**Data under study:**
::::
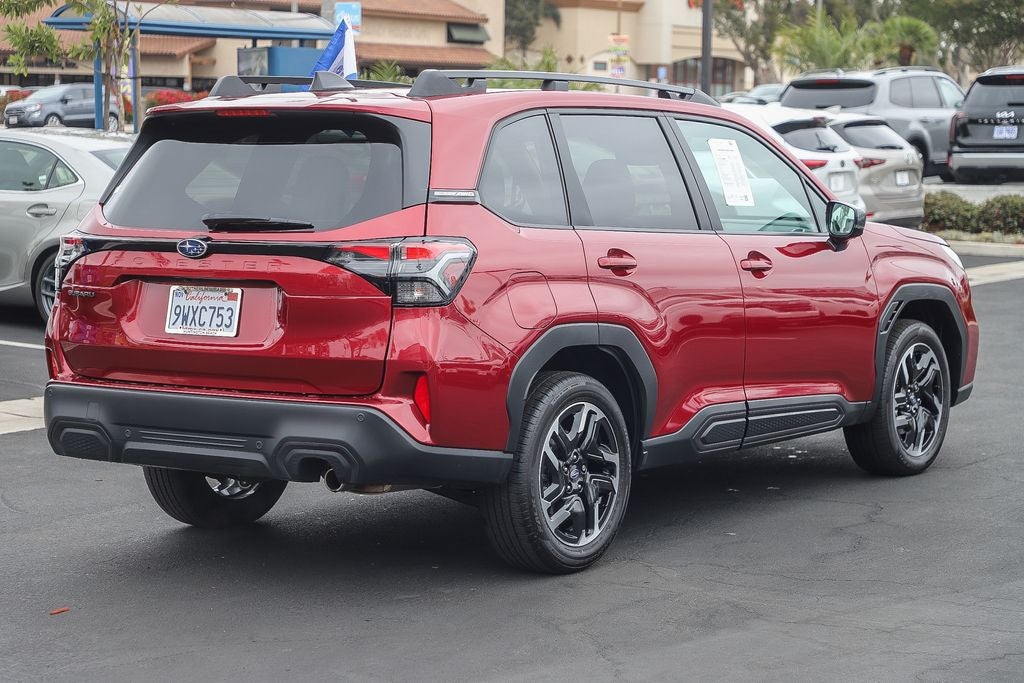 2026 Subaru Forester Limited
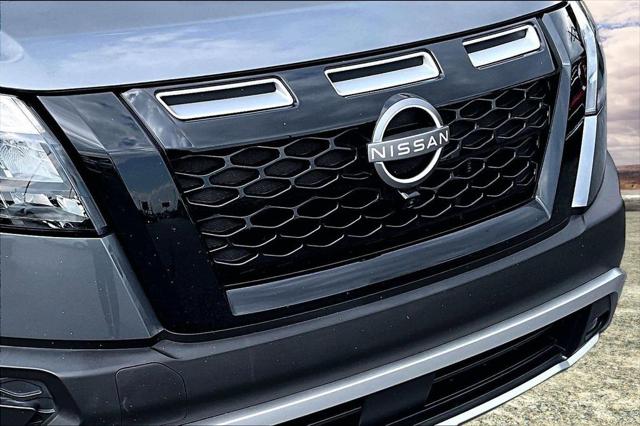 2024 Nissan Pathfinder Rock Creek 4WD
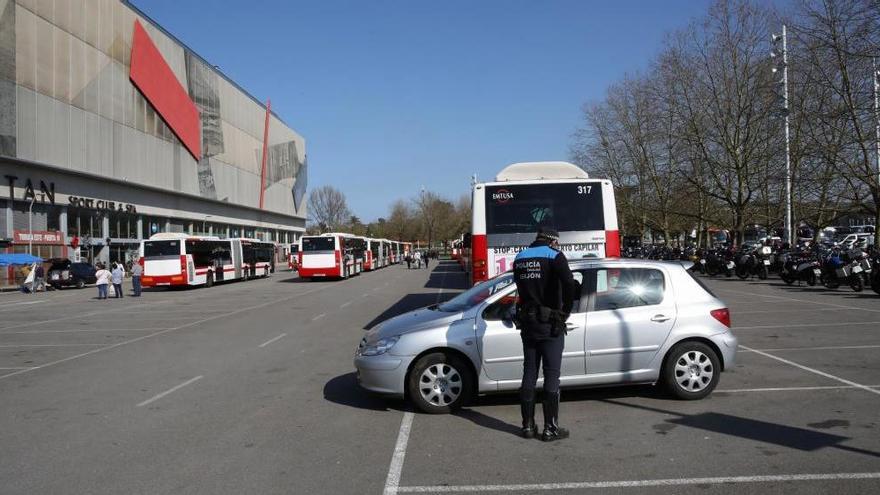 Ya no hay excusa, ahora la Policía Local de Gijón avisa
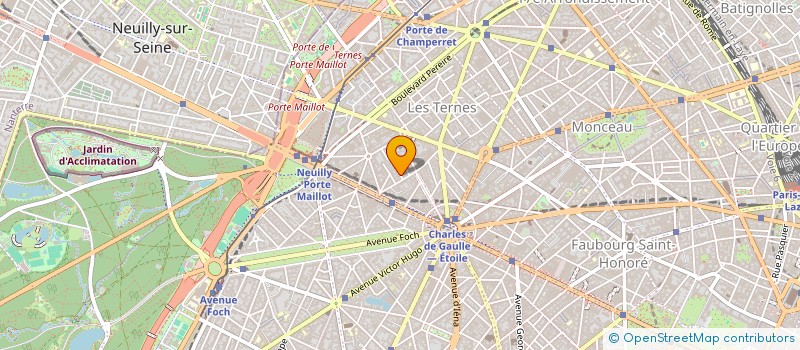 localisation de l'entreprise ASANA FRANCE SAS  PARIS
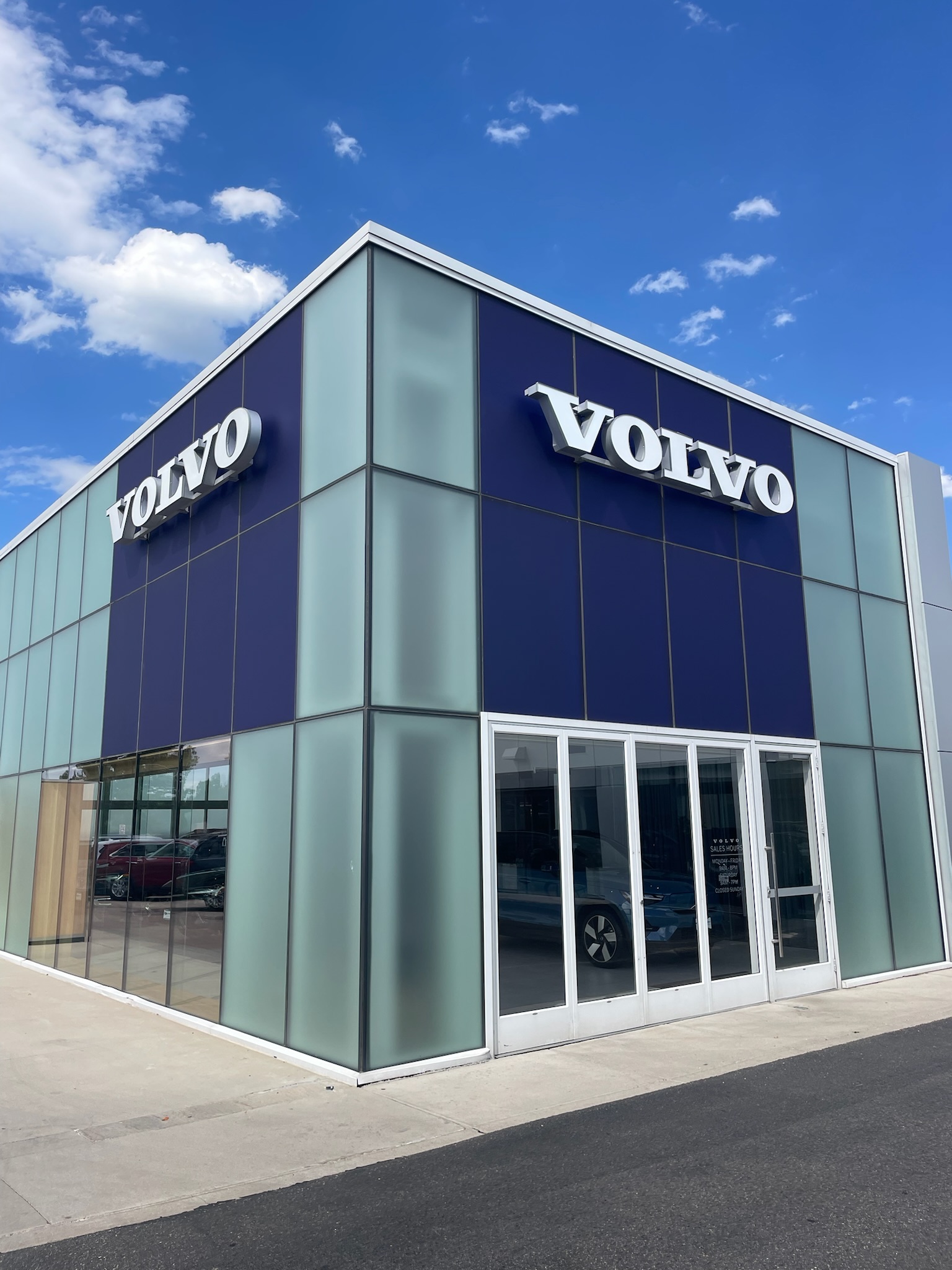 Volvo logo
::::
**Work to be completed:**
In the copy, only the lines from the one holding "Ya no hay excusa, ahora" through the end of the listing above should appear, retyped exactly, both ends included, with no pictures.

**Output:**
 Ya no hay excusa, ahora la Policía Local de Gijón avisa
 localisation de l'entreprise ASANA FRANCE SAS  PARIS
 Volvo logo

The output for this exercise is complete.